We hypothesized that a relationship exists between CypA and MMPs, in particular MMP2 and MMP9, as CypA stimulates MMP expression via the ligand CD147 [27, 32, 33] . The suppression of CD147 in breast cancer cells inhibited MMP2 and MMP9 production and cell invasion in vitro, while the invasive properties conferred on inflammatory cells by CypA are a result of MMP9 stimulation . We suppressed CypA in NSCLC cells without changing CD147 expression (data not shown). Gelatin zymography showed that MMP9 was down-regulated in CypA supressed cells compared to control cells, while the expression of MMP2 did not change significantly. This is consistent with a previous report showing that CypA increased MMP9, but not MMP2, expression via CD147 in rheumatoid arthritis . Therefore, CypA may promote metastasis by upregulating MMP9 activity in NSCLC cells.

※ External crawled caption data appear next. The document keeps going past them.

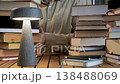 Man holding stack of books on desk with lamp education concept 138488069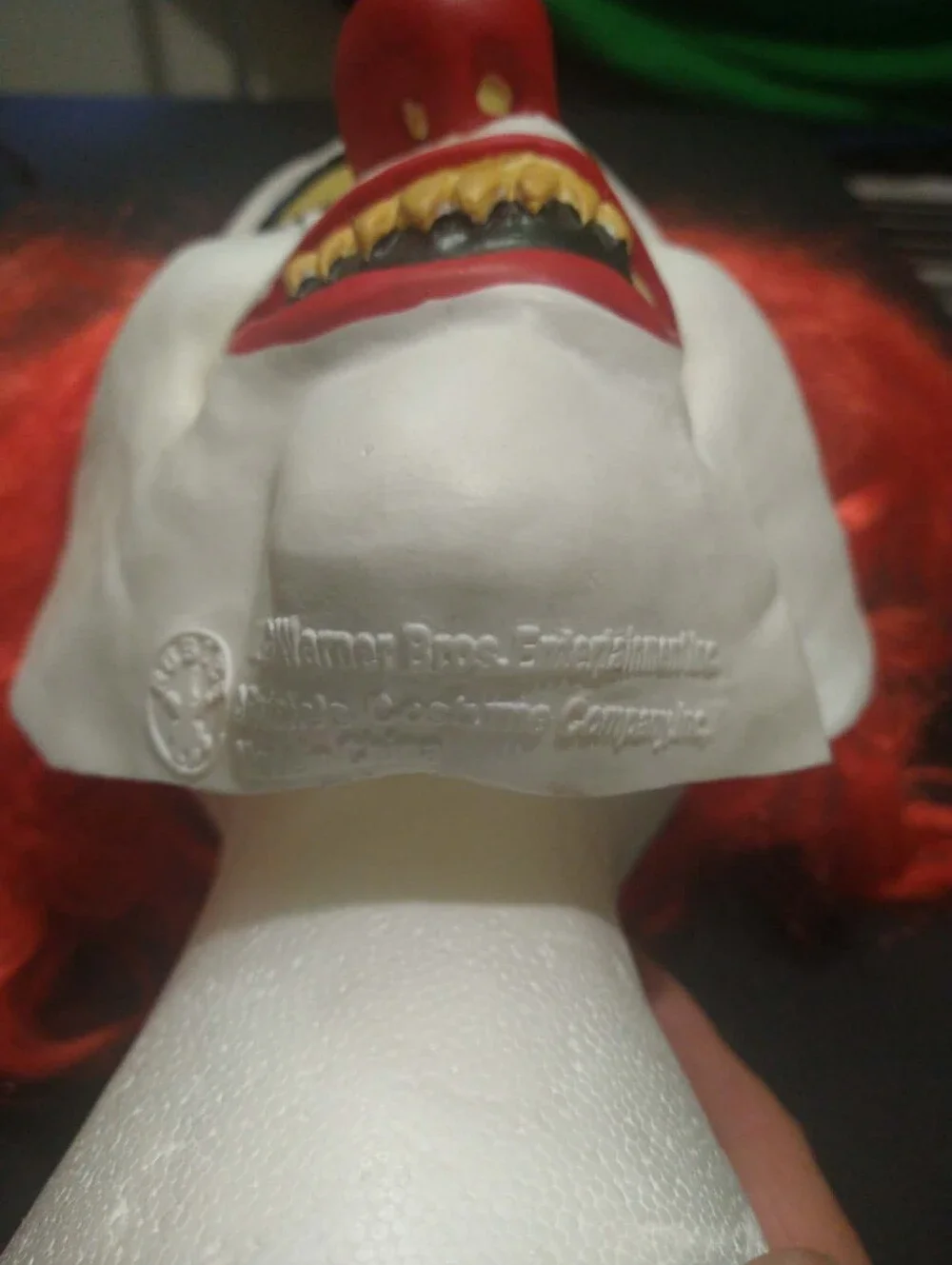 Warner Bros. / Rubie’s scary clown latex mask with bright red synthetic hair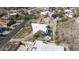 Aerial view of neighborhood featuring triangular modern house, with landscape, fire pit and spa, nestled in desert setting at 1340 E Las Palmaritas Dr, Phoenix, AZ 85020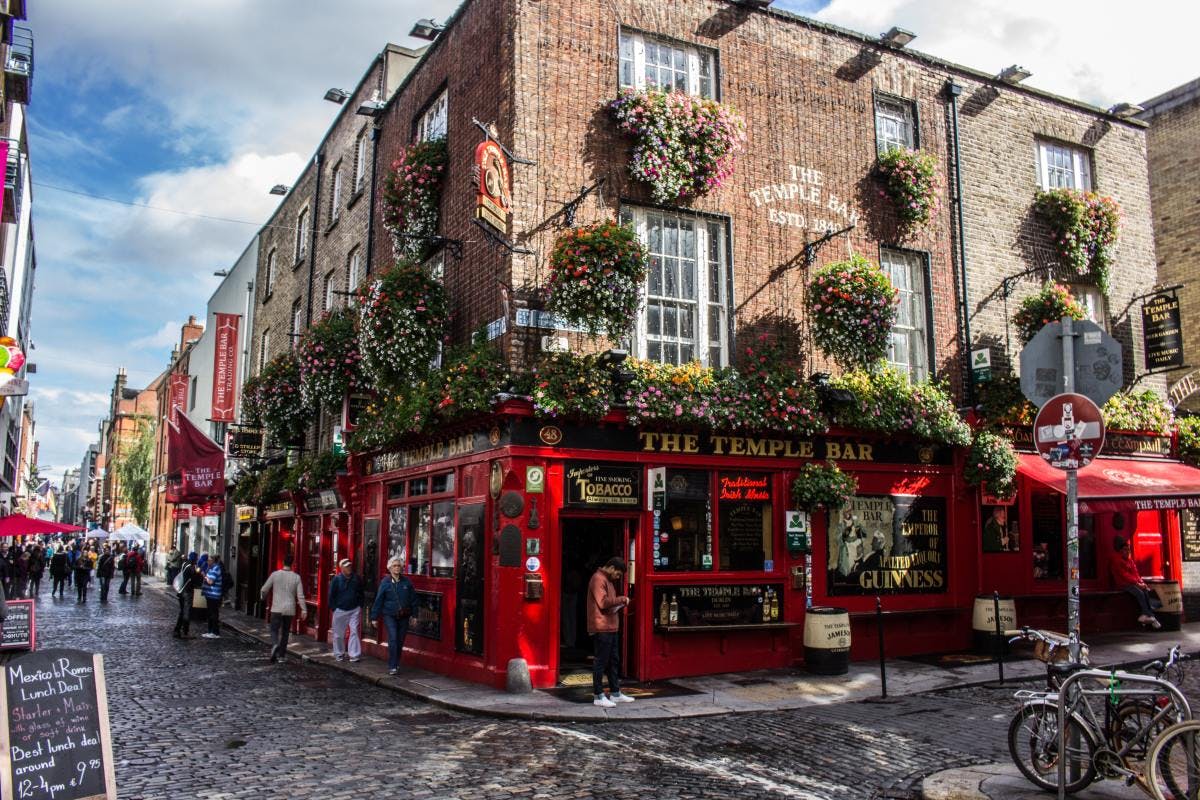 Classic Irish corner pub on cobblestone street in Dublin, Ireland on a sunny day.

The initial step of tumor cell invasion is characterized by BM breakdown, a process dependent on type IV collagen-degrading enzymes, mainly MMP2 and MMP9 . MMPs are a family of proteases that are required for the invasion of tumor cells into surrounding connective tissues, intravasation and extravasation from blood vessels, and metastasis to distant organs . MMP2 and MMP9, otherwise known as gelatinases, are strongly upregulated in cancers of the lung, colon, breast, skin, and prostate, which are correlated with enhanced tumor invasiveness and metastasis . MMP9 digests decorin; elastin; fibrillin; laminin; types IV, V, XI, and XVI collagen; and gelatin. Among these, laminin serves as an important component of the BM. MMP9 can also activate growth factors, such as proTGF-β and proTNF-α . The inhibition of MMP9 reduced the number of colonies formed in the lung of mice . As demonstrated in this study, CypA upregulated the activity of MMP9 in NSCLC cells, which could help elucidate the mechanism of CypA effect on lung cancer metastasis. Furthermore, MMP9 is widely accepted as a prognostic marker in NSCLC; its expression level is correlated with survival . Whether CypA could be used as a prognostic marker in NSCLC was evaluated by Howard using tissue microarray immunohistochemistry; however, the results were negative . Further research into CypA may change this using larger samples or alternate methods.